Während Dr. Michael Otto seinen 80. Geburtstag feiert und durch Fernsehshows wie „Markus Lanz“ tourt, haben etwa 800 Mitarbeiter bei Mytoys nichts zu lachen. Die Hamburger Otto Group stellt den Geschäftsbetrieb der Spielwarenplattform Mytoys.de ein und schließt bis Februar 2024 alle 19 Filialstandorte sowie die Verwaltung in Berlin. Die Marke Mytoys werde künftig ausschließlich auf der Otto-Plattform angeboten, teilte der Konzern mit. Von dieser Mitteilung waren die Mitarbeiter geschockt; es soll dafür keinerlei interne Anzeichen gegeben haben. In Stuttgart wurde im Milaneo-Center sogar einen Tag vor dem Verkünden des Mytoys-Aus noch ein neuer Store eröffnet. Fast ein Vierteljahrhundert überlebte Mytoys im harten Kampf um Marktanteile, jetzt ist Schluss. „Im wettbewerbsintensiven und margenschwachen Spielzeugmarkt ist das bisherige monothematische Multichannelkonzept nicht weiter erfolgreich umzusetzen“, heißt es aus der Hamburger Konzernzentrale. Auf rund 500 Millionen Euro Umsatz kam MyToys zuletzt, über 90 Prozent der Erlöse wurden digital erwirtschaftet. Annähernd 95 Prozent der Unternehmensanteile liegen bei Otto. Seit Juni 2020 führen Martin Schierer als CEO sowie Tobias Nieber als CFO die Mytoys Group. Ab 2021 verstärkte Katrin Behrens (CTO) die Geschäftsführung des Spielwarenhändlers.

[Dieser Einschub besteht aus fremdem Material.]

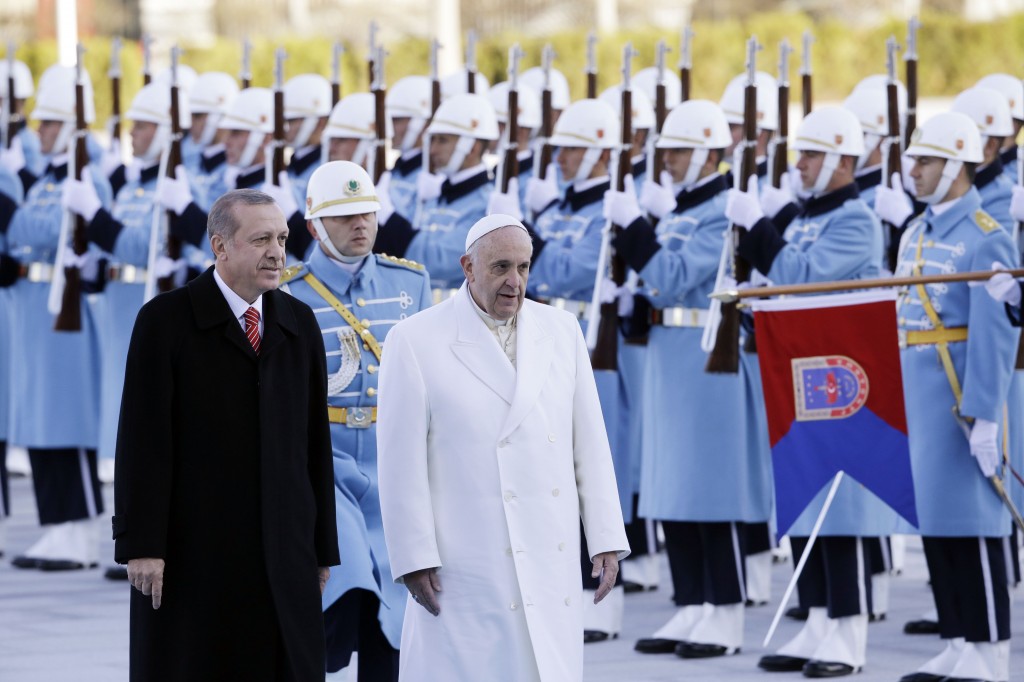 Pope Francis and Turkish President Recep Tayyip Erdogan at the Presidential palace in Ankara,Friday, Nov. 28, 2014. Photo for Mozzarella Mamma by  AP Photographer Gregorio Borgia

Das Ende kommt nicht überraschend
Für Kenner der Spielwarenszene in Deutschland kommt das Aus plötzlich, aber nicht überraschend. „Die haben nie Geld verdient und waren im Markt fast immer die Günstigsten“, berichtet ein Experte aus dem Handel, der nicht genannt werden will. Nur im Corona-Boom seien die Zahlen kurzzeitig ausgeglichen gewesen, sonst seien nur Verluste geschrieben worden. Derzeit werde von einem Bilanzverlust in Höhe von 240 Millionen Euro gesprochen. Es sei vorgekommen, dass Mytoys 25 Prozent unter üblichen Einstandspreisen die Spielwaren im stationären Handel angeboten habe. Sein Fazit lautet deshalb: „In Summe gewinnt die stationäre Spielwarenbranche, weil wir jetzt die Chance haben, dass die Margen wieder ins Lot kommen.“ Besonders der Fachhandel könne davon profitieren.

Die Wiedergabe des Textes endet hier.